In the entries below, begin at the line with "Румен Радев: Модернизацията" and stop after the line with "バイエルン・ミュンヘンさんのインスタグラム写真 - (バイエルン・ミュンヘンInstagram)「All"; output those lines exactly and omit the pictures.

#### Material supplied
==========

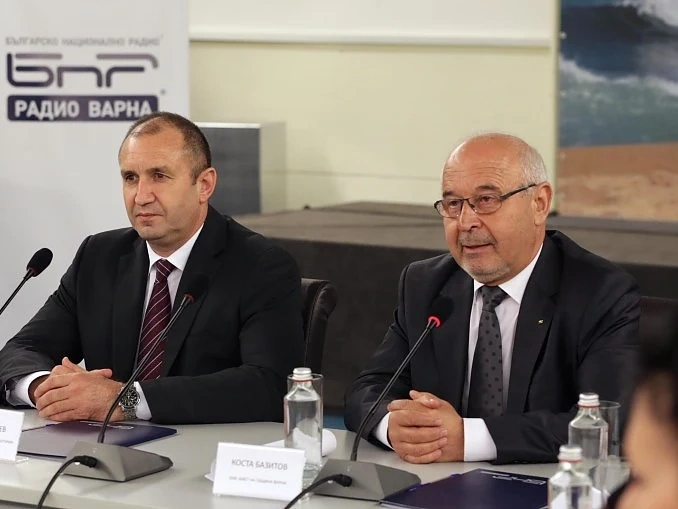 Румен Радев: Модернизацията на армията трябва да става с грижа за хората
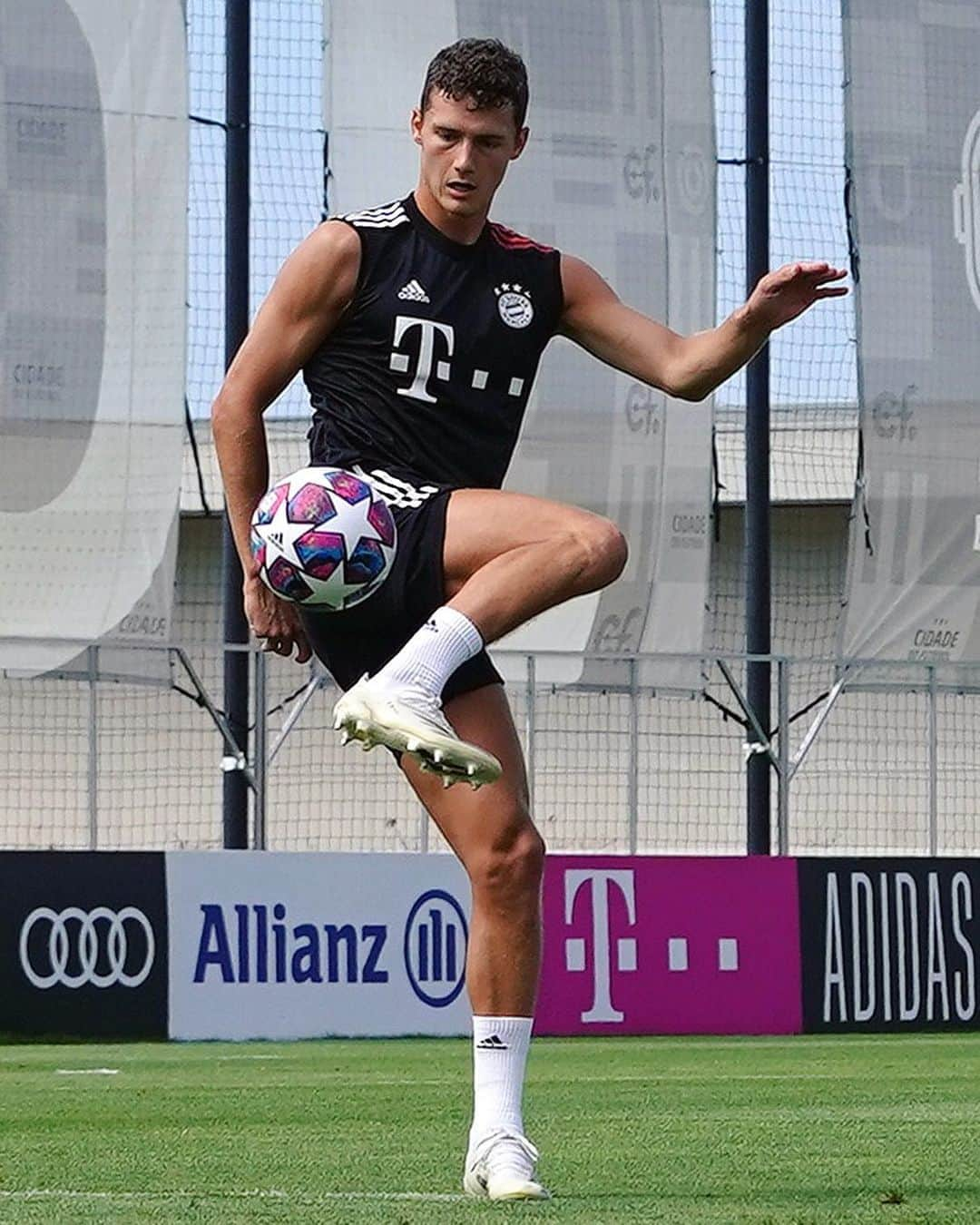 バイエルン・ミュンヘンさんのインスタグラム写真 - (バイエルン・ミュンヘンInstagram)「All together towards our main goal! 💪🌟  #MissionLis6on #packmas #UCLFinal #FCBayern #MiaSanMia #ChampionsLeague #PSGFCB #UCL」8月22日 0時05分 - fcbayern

==========

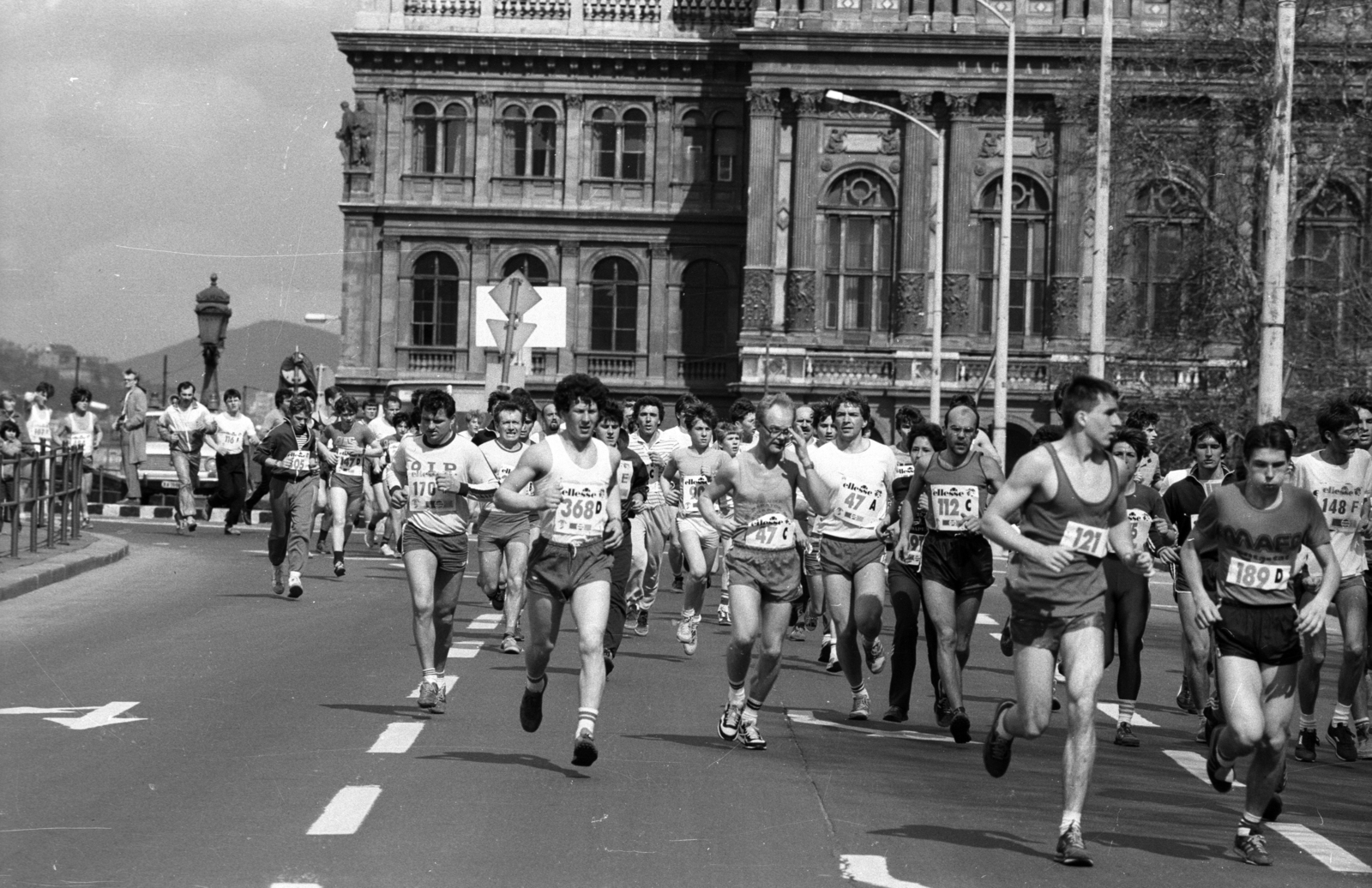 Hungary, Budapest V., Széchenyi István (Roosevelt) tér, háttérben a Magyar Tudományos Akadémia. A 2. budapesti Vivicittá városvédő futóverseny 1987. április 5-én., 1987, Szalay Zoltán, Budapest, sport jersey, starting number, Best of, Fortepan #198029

==========

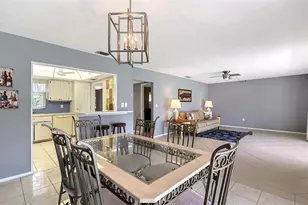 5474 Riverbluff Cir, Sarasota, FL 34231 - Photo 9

==========

#### Final answer
 Румен Радев: Модернизацията на армията трябва да става с грижа за хората
 バイエルン・ミュンヘンさんのインスタグラム写真 - (バイエルン・ミュンヘンInstagram)「All together towards our main goal! 💪🌟  #MissionLis6on #packmas #UCLFinal #FCBayern #MiaSanMia #ChampionsLeague #PSGFCB #UCL」8月22日 0時05分 - fcbayern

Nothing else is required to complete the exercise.